Start of Block

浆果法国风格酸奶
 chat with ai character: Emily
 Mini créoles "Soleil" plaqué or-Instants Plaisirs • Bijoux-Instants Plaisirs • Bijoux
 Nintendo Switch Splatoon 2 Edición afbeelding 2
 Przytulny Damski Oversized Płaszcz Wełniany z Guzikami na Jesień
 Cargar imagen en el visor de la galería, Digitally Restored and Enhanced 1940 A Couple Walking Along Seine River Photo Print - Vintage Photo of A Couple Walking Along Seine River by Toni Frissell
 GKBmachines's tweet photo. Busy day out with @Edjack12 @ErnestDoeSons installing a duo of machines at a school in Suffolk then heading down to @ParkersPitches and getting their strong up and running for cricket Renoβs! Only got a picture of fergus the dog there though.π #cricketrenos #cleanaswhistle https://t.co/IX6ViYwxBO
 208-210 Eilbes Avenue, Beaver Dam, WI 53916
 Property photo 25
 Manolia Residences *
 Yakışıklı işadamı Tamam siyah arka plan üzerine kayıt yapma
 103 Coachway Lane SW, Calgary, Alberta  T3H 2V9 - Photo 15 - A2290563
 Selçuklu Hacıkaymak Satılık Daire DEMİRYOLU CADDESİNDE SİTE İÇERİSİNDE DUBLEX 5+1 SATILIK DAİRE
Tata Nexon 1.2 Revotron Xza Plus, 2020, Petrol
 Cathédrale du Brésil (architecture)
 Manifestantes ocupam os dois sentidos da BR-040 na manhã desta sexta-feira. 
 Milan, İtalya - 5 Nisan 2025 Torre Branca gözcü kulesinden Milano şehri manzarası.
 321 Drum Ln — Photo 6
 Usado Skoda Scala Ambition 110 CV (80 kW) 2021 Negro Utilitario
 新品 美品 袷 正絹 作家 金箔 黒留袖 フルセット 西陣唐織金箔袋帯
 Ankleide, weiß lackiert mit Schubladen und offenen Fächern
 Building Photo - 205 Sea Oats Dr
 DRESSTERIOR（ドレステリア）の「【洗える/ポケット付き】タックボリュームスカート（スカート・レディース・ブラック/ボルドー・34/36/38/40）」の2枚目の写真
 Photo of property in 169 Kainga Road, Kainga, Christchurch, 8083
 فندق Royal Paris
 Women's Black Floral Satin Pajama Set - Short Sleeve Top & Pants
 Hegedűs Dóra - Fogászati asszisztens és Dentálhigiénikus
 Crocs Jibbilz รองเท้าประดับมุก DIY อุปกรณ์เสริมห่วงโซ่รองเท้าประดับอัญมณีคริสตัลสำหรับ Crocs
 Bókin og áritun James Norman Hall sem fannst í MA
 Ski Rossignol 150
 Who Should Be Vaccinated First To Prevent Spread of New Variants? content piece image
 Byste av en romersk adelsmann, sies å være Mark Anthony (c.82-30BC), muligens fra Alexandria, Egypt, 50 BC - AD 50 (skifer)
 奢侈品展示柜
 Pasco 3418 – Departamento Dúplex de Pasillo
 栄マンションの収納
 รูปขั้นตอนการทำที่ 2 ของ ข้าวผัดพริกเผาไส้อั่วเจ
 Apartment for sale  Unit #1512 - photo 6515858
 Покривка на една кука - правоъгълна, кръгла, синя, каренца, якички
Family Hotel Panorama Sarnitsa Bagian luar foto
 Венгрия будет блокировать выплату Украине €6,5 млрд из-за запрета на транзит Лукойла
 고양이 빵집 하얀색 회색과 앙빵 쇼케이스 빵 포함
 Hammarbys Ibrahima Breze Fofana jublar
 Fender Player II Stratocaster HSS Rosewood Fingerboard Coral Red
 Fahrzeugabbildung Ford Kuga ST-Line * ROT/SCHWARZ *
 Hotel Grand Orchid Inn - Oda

End of Block

# [PROBLEM TO WORK ON]
Give back, word for word, the lines from the one with "Property photo 25" through the last line of the entries, both included, and no other line.

# [TASK SOLUTION]
 Property photo 25
 Manolia Residences *
 Yakışıklı işadamı Tamam siyah arka plan üzerine kayıt yapma
 103 Coachway Lane SW, Calgary, Alberta  T3H 2V9 - Photo 15 - A2290563
 Selçuklu Hacıkaymak Satılık Daire DEMİRYOLU CADDESİNDE SİTE İÇERİSİNDE DUBLEX 5+1 SATILIK DAİRE
Tata Nexon 1.2 Revotron Xza Plus, 2020, Petrol
 Cathédrale du Brésil (architecture)
 Manifestantes ocupam os dois sentidos da BR-040 na manhã desta sexta-feira. 
 Milan, İtalya - 5 Nisan 2025 Torre Branca gözcü kulesinden Milano şehri manzarası.
 321 Drum Ln — Photo 6
 Usado Skoda Scala Ambition 110 CV (80 kW) 2021 Negro Utilitario
 新品 美品 袷 正絹 作家 金箔 黒留袖 フルセット 西陣唐織金箔袋帯
 Ankleide, weiß lackiert mit Schubladen und offenen Fächern
 Building Photo - 205 Sea Oats Dr
 DRESSTERIOR（ドレステリア）の「【洗える/ポケット付き】タックボリュームスカート（スカート・レディース・ブラック/ボルドー・34/36/38/40）」の2枚目の写真
 Photo of property in 169 Kainga Road, Kainga, Christchurch, 8083
 فندق Royal Paris
 Women's Black Floral Satin Pajama Set - Short Sleeve Top & Pants
 Hegedűs Dóra - Fogászati asszisztens és Dentálhigiénikus
 Crocs Jibbilz รองเท้าประดับมุก DIY อุปกรณ์เสริมห่วงโซ่รองเท้าประดับอัญมณีคริสตัลสำหรับ Crocs
 Bókin og áritun James Norman Hall sem fannst í MA
 Ski Rossignol 150
 Who Should Be Vaccinated First To Prevent Spread of New Variants? content piece image
 Byste av en romersk adelsmann, sies å være Mark Anthony (c.82-30BC), muligens fra Alexandria, Egypt, 50 BC - AD 50 (skifer)
 奢侈品展示柜
 Pasco 3418 – Departamento Dúplex de Pasillo
 栄マンションの収納
 รูปขั้นตอนการทำที่ 2 ของ ข้าวผัดพริกเผาไส้อั่วเจ
 Apartment for sale  Unit #1512 - photo 6515858
 Покривка на една кука - правоъгълна, кръгла, синя, каренца, якички
Family Hotel Panorama Sarnitsa Bagian luar foto
 Венгрия будет блокировать выплату Украине €6,5 млрд из-за запрета на транзит Лукойла
 고양이 빵집 하얀색 회색과 앙빵 쇼케이스 빵 포함
 Hammarbys Ibrahima Breze Fofana jublar
 Fender Player II Stratocaster HSS Rosewood Fingerboard Coral Red
 Fahrzeugabbildung Ford Kuga ST-Line * ROT/SCHWARZ *
 Hotel Grand Orchid Inn - Oda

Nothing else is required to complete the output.